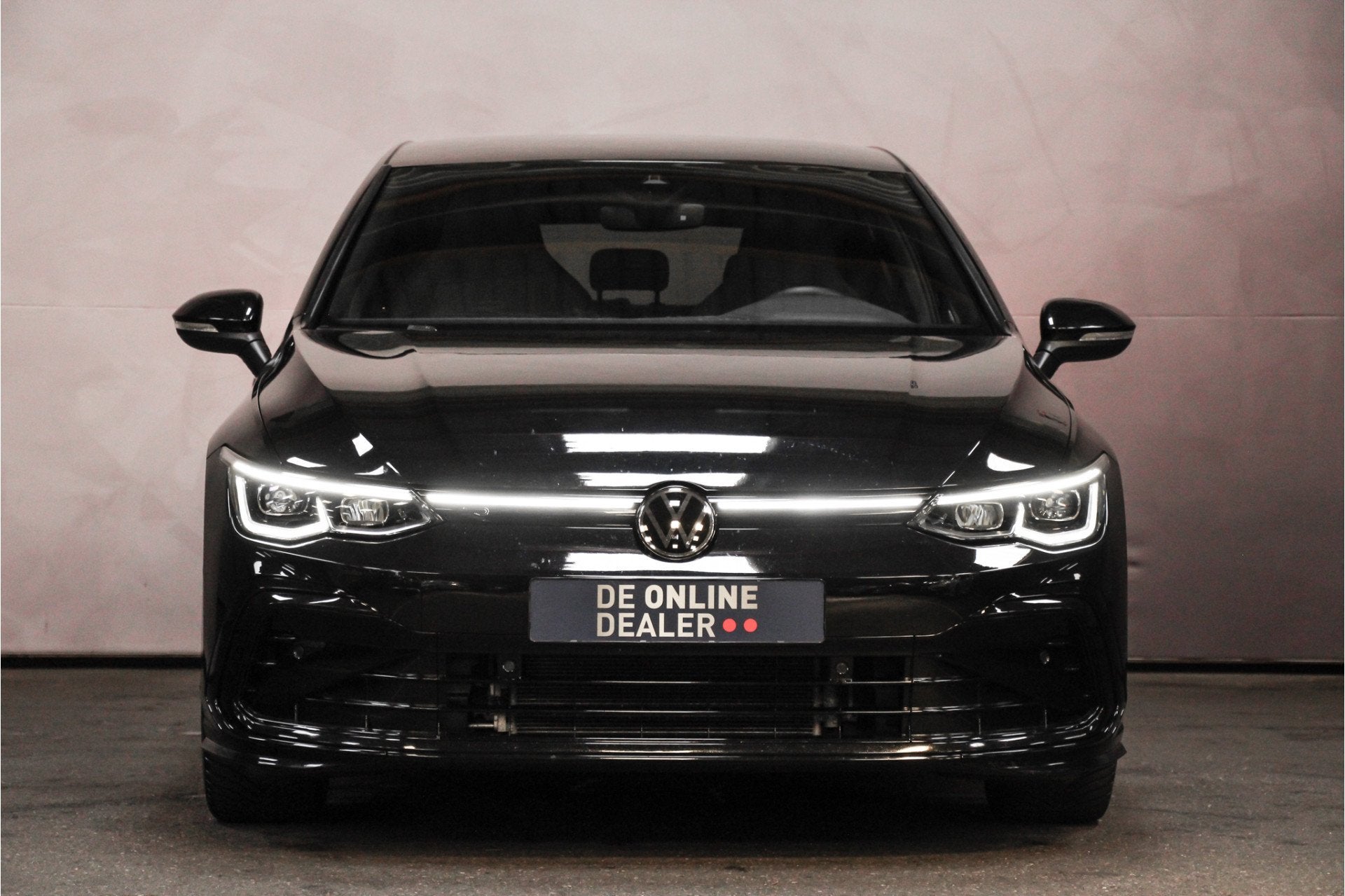 Volkswagen Golf 1.5 TSI R-Line |Sfeer|LED|Trekh|Stoelverw|, Voorwielaandrijving, Euro 6, 4 cilinders, Zwart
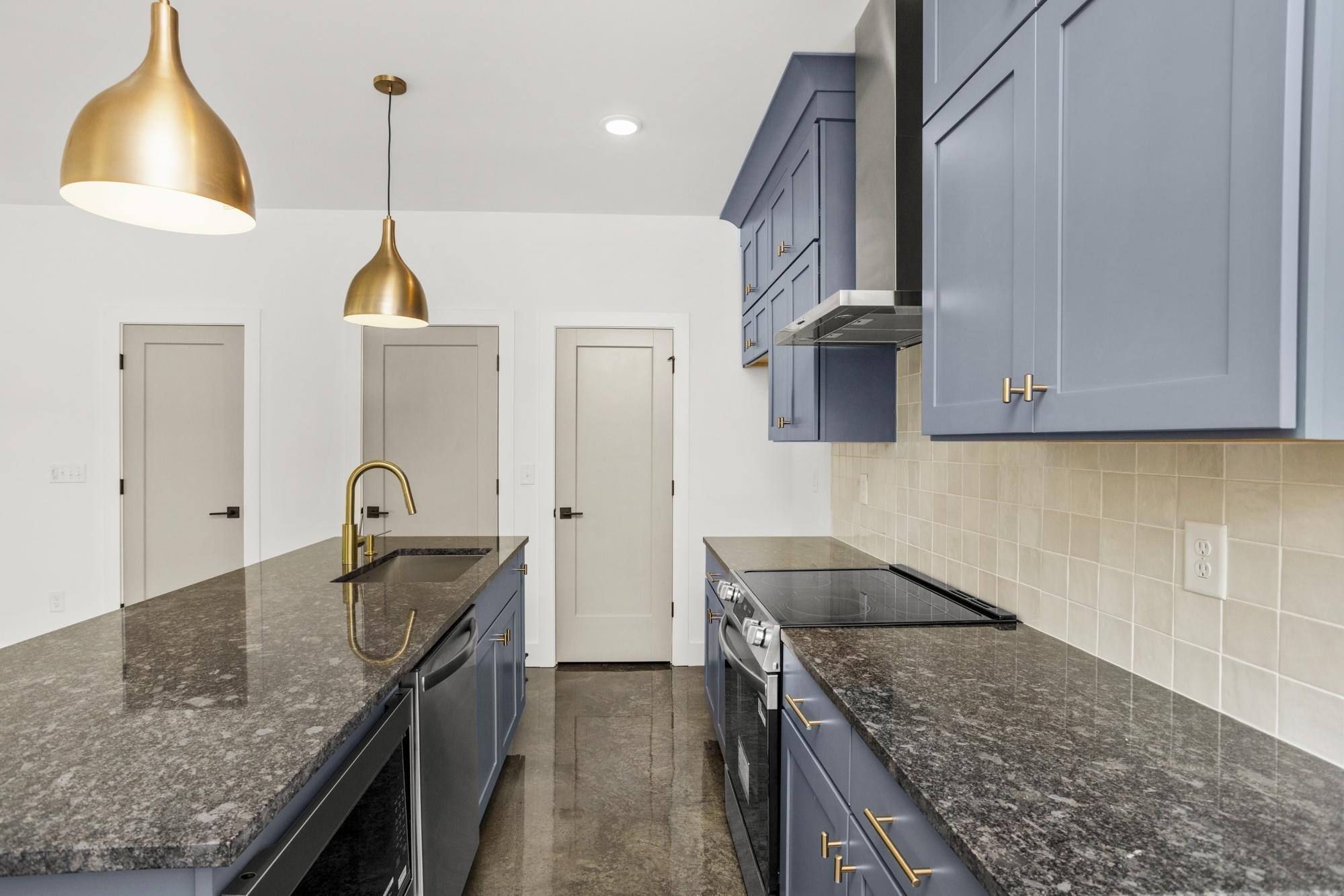 2708 Tucker Rd Unit: A&B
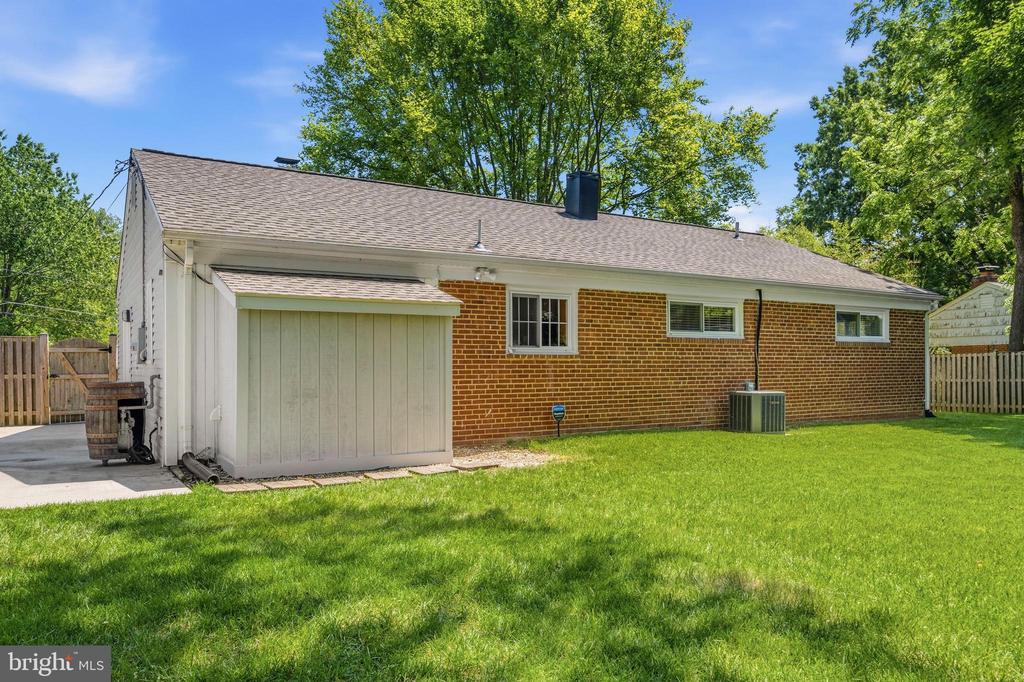 3609 EMBASSY LANE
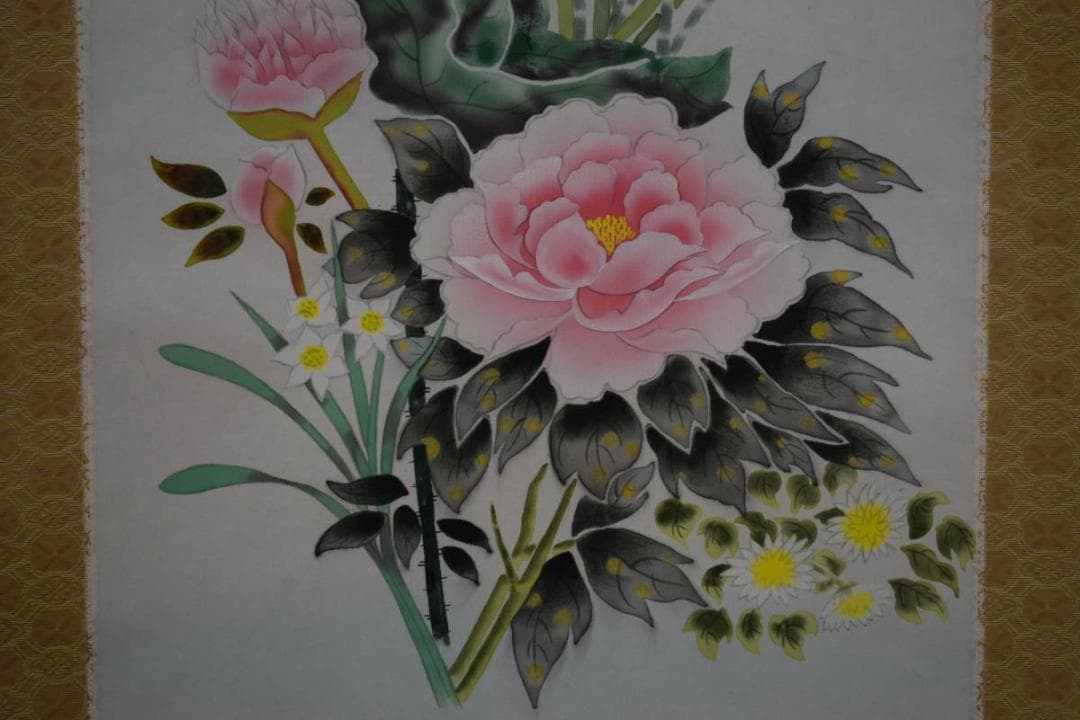 真作/横山香秋/四季草花図/桐共箱付/布袋屋掛軸HF-69 - メルカリ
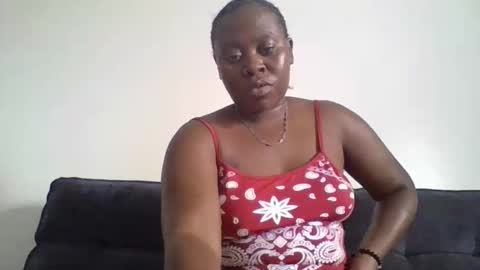Snapshot of remmy_luna chatting on 05/24/26, 10:42 Remmy luna online show from 05/24/26, 10:42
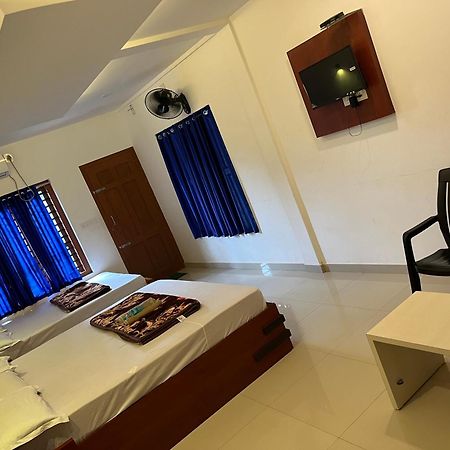 Dakshinakasi Guest House Thirunelly Exterior photo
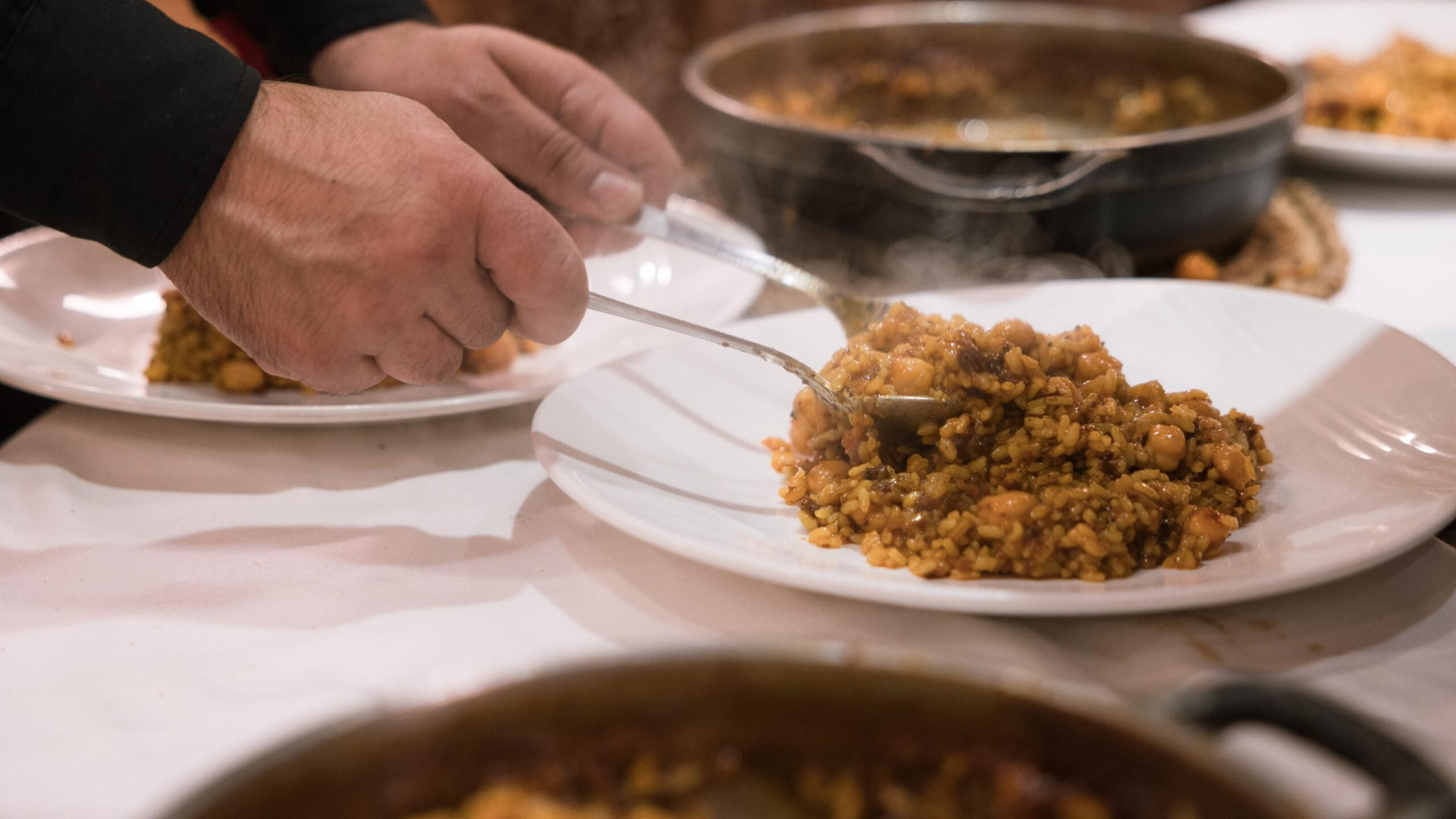 El auge de la restauración alicantina, a debate: de la 'burbuja gastronómica' al postre perfecto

========

> [YOUR GOAL]
Return only the lines that start at the line containing "3609 EMBASSY LANE" and finish at the last line of the entries, exactly as written and without pictures.

> [TASK RESPONSE]
 3609 EMBASSY LANE
 真作/横山香秋/四季草花図/桐共箱付/布袋屋掛軸HF-69 - メルカリ
Snapshot of remmy_luna chatting on 05/24/26, 10:42 Remmy luna online show from 05/24/26, 10:42
 Dakshinakasi Guest House Thirunelly Exterior photo
 El auge de la restauración alicantina, a debate: de la 'burbuja gastronómica' al postre perfecto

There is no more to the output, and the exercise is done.